A few minutes later, organizer and Raging Granny Ruth Robertson spoke a eulogy for the death of fair elections. She then asked those present to visualize giving members of Congress strength to be courageous on Thursday.
"Visualizing will begin now," Robertson said, before bowing her head and sending her own silent prayer.
During the rally in the plaza, protestors were met with a few sympathetic honks and many skeptical stares. One man shouted "Liars!" from his car window as he drove near the rally.
"They'll always be conspiracy theorists, but I'm not going to buy it," Jonathan Evans said while walking by.
"We don't have a perfect system, but do you know a country with a better one?" passer-by Peter Kasenchak asked. "The United States is an honest-enough country; they would not let someone skew an election."
One of the march's organizers admitted she was used to being called a conspiracy theorist.
"If anybody tries to say it I say, 'Hey I'm a conspiracy analyst,'" said Gail Sredanovic, a Menlo Park hypnotherapist and a board member with the Peninsula chapter of the Women's International League for Peace and Freedom. Even though she admitted the chance of reversing Bush's victory was narrow, Sredanovic said she was also fighting for election reform for 2006.
"Regardless of the outcome, it's absolutely crucial that there be a huge outcry, that there be an investigation and that there be serious reform," Sredanovic said.
Speakers in the plaza recited a litany of complaints about the recent election, including long lines in heavily Democratic precincts, electronic voting machines with no paper trails and exit polls that greatly differed from the official results. Although a recent recount in Ohio, the race's closest battleground state, showed Democratic Sen.

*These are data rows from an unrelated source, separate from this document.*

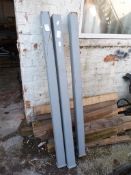 *Three 151cm Steel Posts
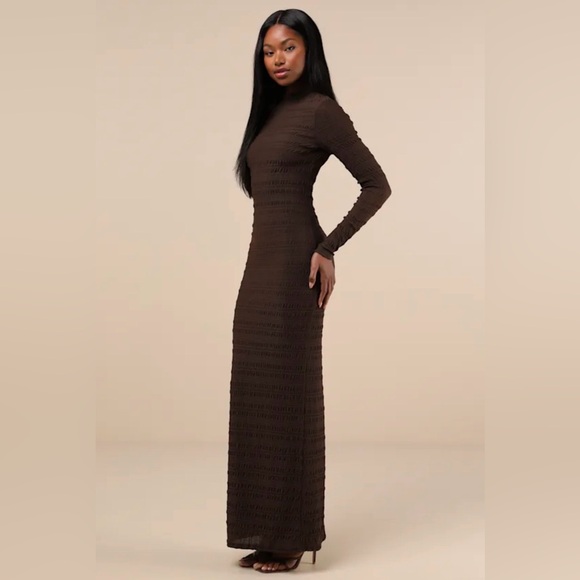 Lulu’s Trendsetting Design Brown Textured Long Sleeve Maxi Dress - Picture 6 of 6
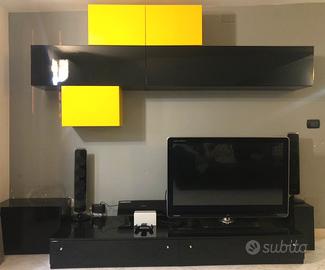 PARETE ATTREZZATA TV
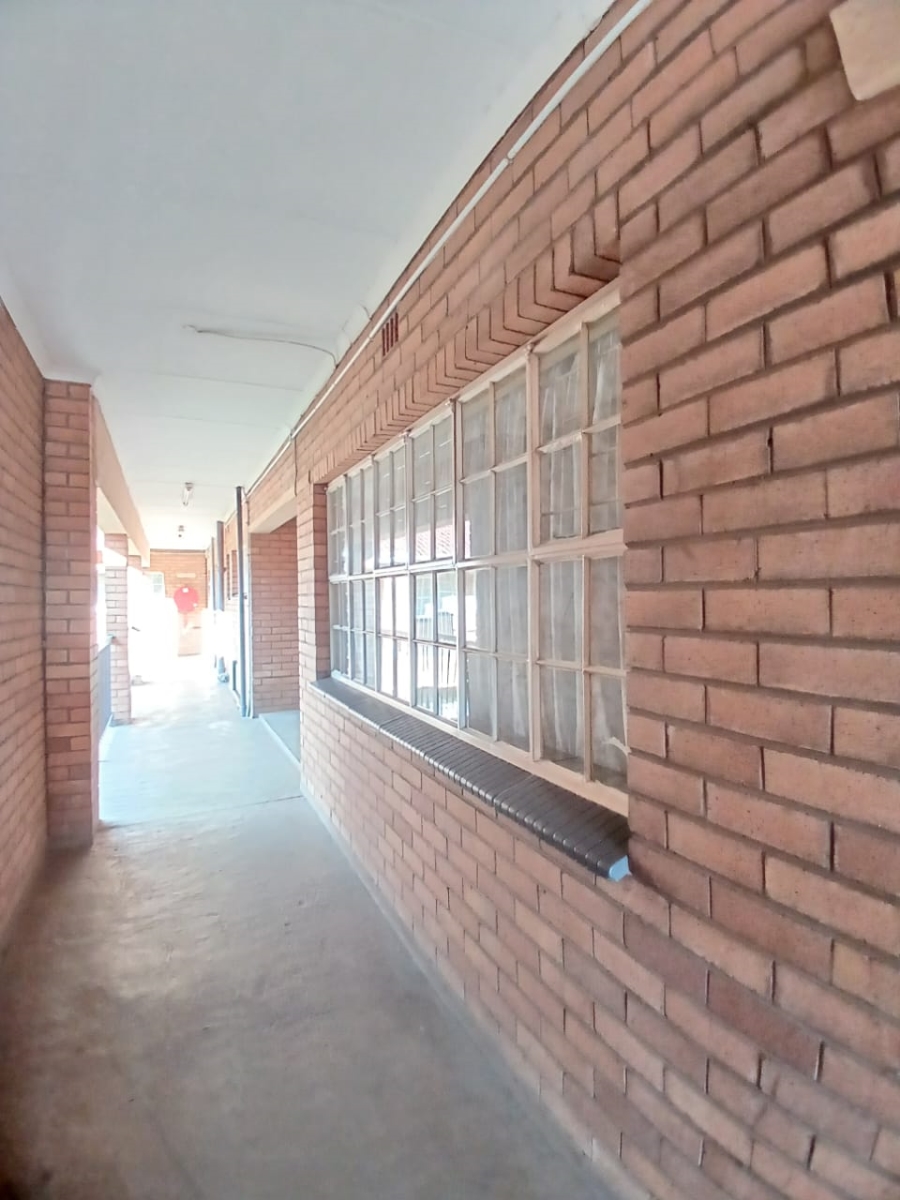 2 Bedroom Property for Sale in Vanderbijlpark CW 3 Gauteng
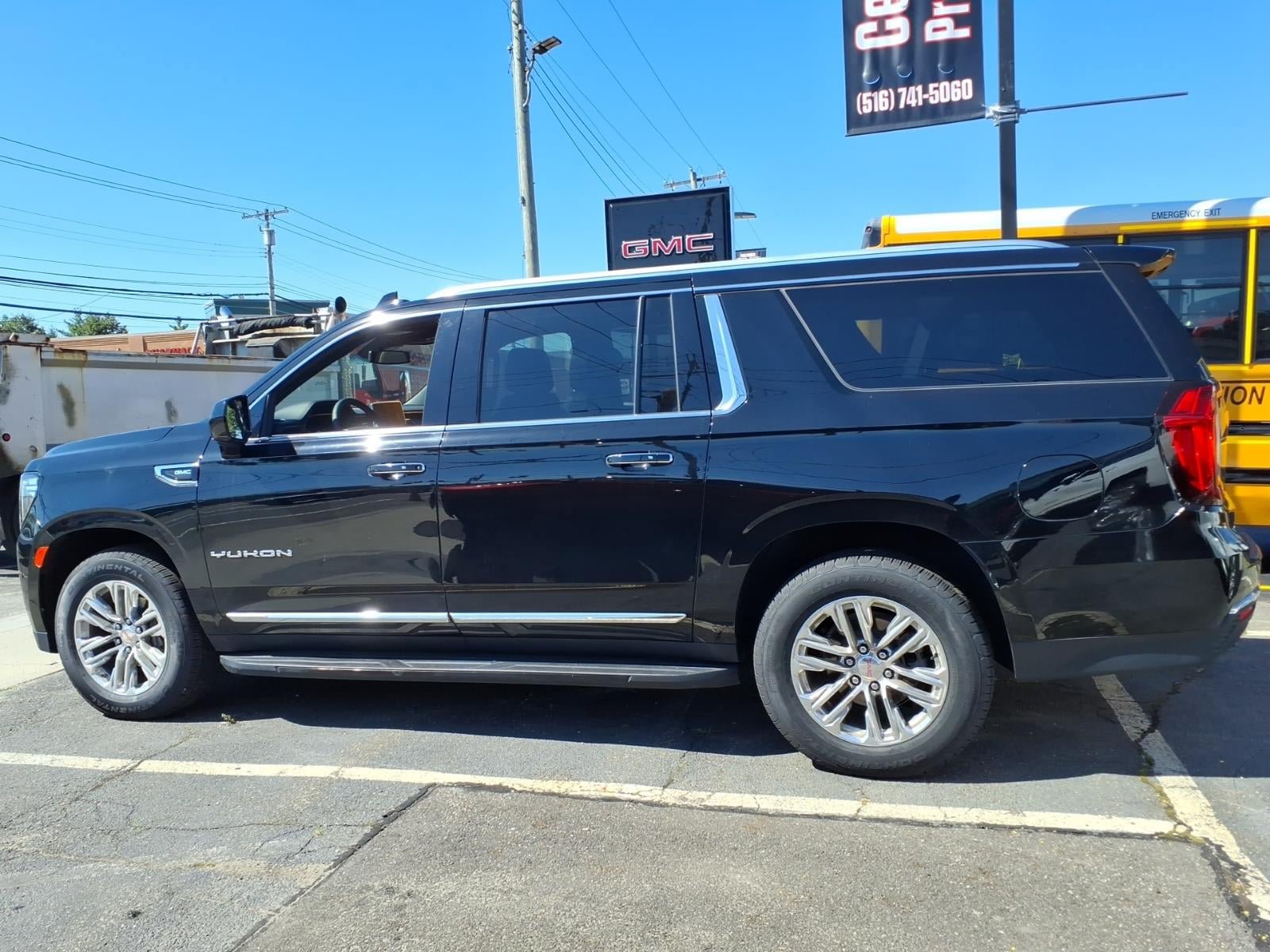 Certified 2023 GMC Yukon XL SLT AWD/4WD image 8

John Kerry lost by more than 100,000 votes, protestors in Palo Alto insisted he would have won had every vote been counted.
"If this type of election occurred in a Third World country, the whole world would be complaining and it would be considered fraud," rally organizer Peter Drekmeier said. He reminded the crowd that, prior to the election, the president of the country's largest electronic-voting company promised to deliver Ohio for Bush.
Aside from a tense, albeit brief, encounter with Eshoo's representative, the event's mood was light and playful. One hand-drawn sign asked those in power to "Steal Kisses Not Votes." The Raging Grannies sung a song entitled "Election Fraud" to the tune of "Deck the Halls."
"The levity and humor hides a lot of pain and distress," noted Judy Kramer, one of the marchers and a former board president of the now-defunct YWCA of the Mid-Peninsula. "People feel very strongly something awful is happening."
A few who marched said last year's election pushed them back into activism after decades of inactivity. The last time Glenn Sanders, of Mountain View, marched was in Oklahoma in the 1970s, when he successfully protested the building of a nuclear power plant.
"I've watched what Bush has done in the last four years and it's made me irate and panicked," Sanders said.
Former Menlo Park Mayor Gail Slocum, a former Republican, also attended. In November, she volunteered to poll-watch in Florida and what she witnessed profoundly changed her attitude. One mother, carrying her 15-month-old baby, spent hours in line to vote only to be told she wasn't registered.
"If we don't stand up right now, we'll never have fair elections," Slocum said.
Larissa Keen, of Los Altos Hills, also volunteered in a largely black precinct of Florida. There, she spoke with an 88-year-old woman who had voted in every election in her lifetime and her 62-year-old son, who was voting for the first time. The two waited for five hours and came out of the polling place saying it was worth it.
Attending the Palo Alto rally "is in the spirit of not just leaving it up to the African-American community to do what it takes to make sure the votes are counted," Keen said. "It's up to all of us as a whole country."